The details are long and complex, but it’s also worth noting that al-Waṣīfi references the imagined invasion of Egypt by Nebuchadnezzar, implying that it occurred because of the failure of the talismans Dalūka set up, thus providing the framework for Alfonso’s story. Alegre argues that the 239 chapters on Nebuchadnezzar attributed to Alguazif are—and here I am simplifying some—basically made up.
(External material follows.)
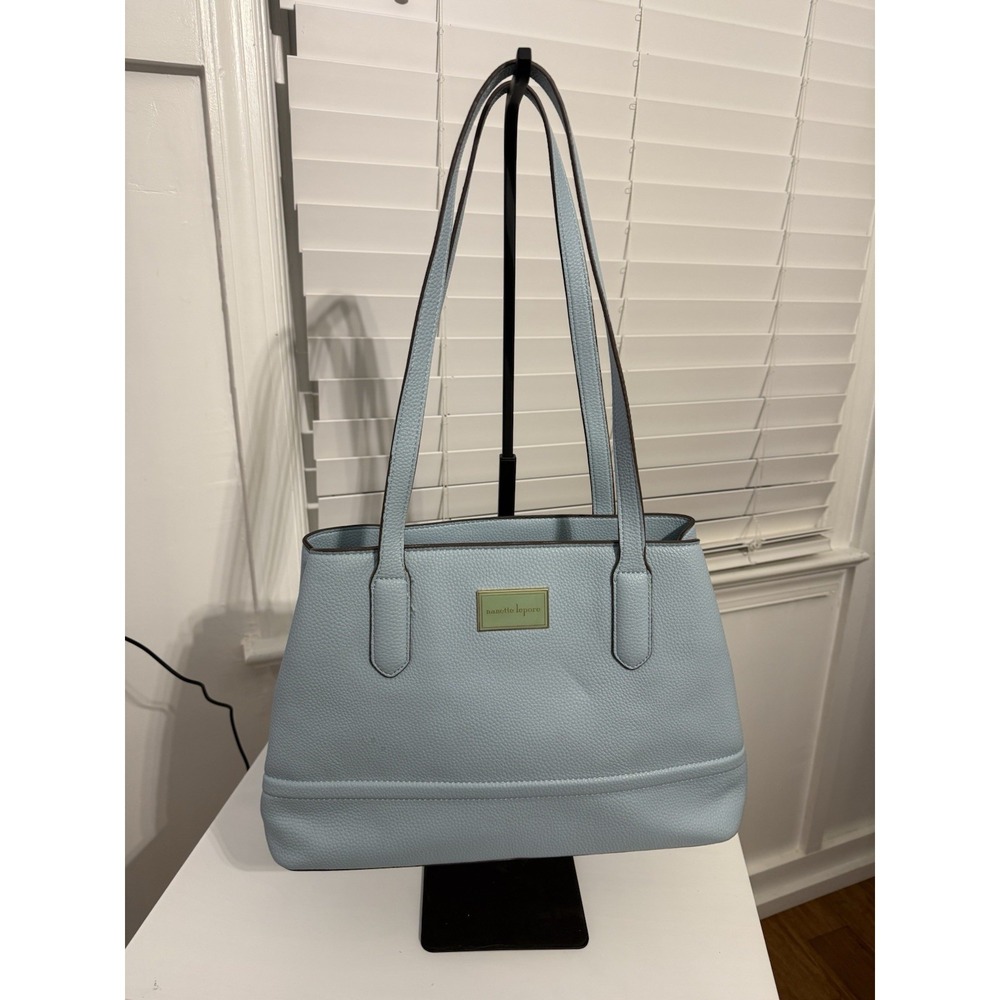 Nanette Lepore Light Blue Pebbled Shoulder Bag with Zipper Accents, Classic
Alfonso’s scholars invented them from a mishmash of sources and attributed them to Alguazif because it is in his work that brief scattered references to Nebuchadnezzar’s invasion and talismans could be found.
It's an interesting argument, and supported by the obvious problems with a different passage in the
General Estoria, that of the Hermetic history of giants (one I have
translated elsewhere), which similarly contains obvious traces of reworking an Islamic text originally set in antediluvian times and repositioning it in postdiluvian times.
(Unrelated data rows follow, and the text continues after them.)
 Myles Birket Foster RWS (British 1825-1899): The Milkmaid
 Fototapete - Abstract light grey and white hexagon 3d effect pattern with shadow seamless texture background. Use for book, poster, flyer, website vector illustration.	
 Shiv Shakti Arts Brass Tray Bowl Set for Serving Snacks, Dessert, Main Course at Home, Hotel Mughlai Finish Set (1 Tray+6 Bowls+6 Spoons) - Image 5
But there are a few concerns. First, Alegre accepts as his basic position that the al-Waṣīfi Alfonso cites is the Ibrāhīm ibn Waṣīf Shāh of al-Maqrizi and that both are also the author of the
Akhbār al-zamān, whose text Alegre uses as the basis for his comparison of Alfonso and Islamic lore. I explained
many years ago why I don’t believe this to be the case. The short version is that Islamic sources place Ibrāhīm ibn Waṣīf Shāh two centuries too late to have written the book (though more recent writers have moved him to c. 1000 CE), and when comparing al-Maqrizi’s quotations to the full text of the
Akhbār al-zamān, there are small but clear and consistent differences between the two, with Ibrāhīm ibn Waṣīf Shāh having the inferior reading and censoring references to Giants and Hermetic and astrological lore. (There is a forty-page abridgment given in the pyramid book by al-Irdisi in the late 1100s, but it has never been published in a European language, and I am not sure whom al-Idrisi gave as the author.)
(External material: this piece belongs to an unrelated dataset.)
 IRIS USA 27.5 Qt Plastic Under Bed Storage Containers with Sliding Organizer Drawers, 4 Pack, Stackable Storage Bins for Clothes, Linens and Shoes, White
However, we are not limited solely to these books to understand what Alfonso may have used, for many authors repeated the same material, often verbatim. Murtaḍā ibn al-ʻAfīf
wrote a version of the material in the
Akhbār al-zamān around the same time as Ibrāhīm ibn Waṣīf Shāh, copying even more closely than ibn Waṣīf Shāh, but attributing it to a worm-eaten manuscript. His book, too, was lost in the original. It survives only as a seventeenth-century French translation, which is full in the first half but abridged in the second by its French translator, who was uninterested in that part. That second half, crucially, takes the history down to the coming of Islam, and it contains at least one passage about Nebuchadnezzar’s invasion of Egypt (concerning his son’s return to Egypt following his death) that is similar to what is found in Alfonso’s Alguazif fragments, but not in the
Akhbār al-zamān. Murtaḍā’s allusion to displaced populations implies a longer text existed. Sadly, the passage occurs in the abridged section, so there is no way to know how detailed the original was. Our only clue is that Murtaḍā attributes it to the
Annales du Geranien (
Annals of Geranian), which is unfortunately an unclear translation or transliteration, referring to some unknown book, possibly by one of the many Persian scholars named al-Jurānī or al-Jurjānī, though I am not aware of one who wrote historical annals.
It is interesting, however, that this clue correlates with Ulrich Haarmaann’s suggestion that the body of lore that became the
Akhbār al-zamān originated in Persia, perhaps with the lost work of Abu Zayd al-Balkhi “on the history of Egypt, its wonders, its tombs and its kings.” This is also supported by the fact that the oldest reference to the myths in question comes from fragments of
The Thousands by Abu Ma‘shar, who also lived and wrote in Persia before 850 CE.
At any rate, all of this shows that there were indeed books that recycled the
Akhbār al-zamān and expanded that history beyond where that book stopped, meaning that I can’t be as confident as Alegre that Alfonso made it all up, however much he may have expanded on the text.
But I’m still not translating 239 more chapters.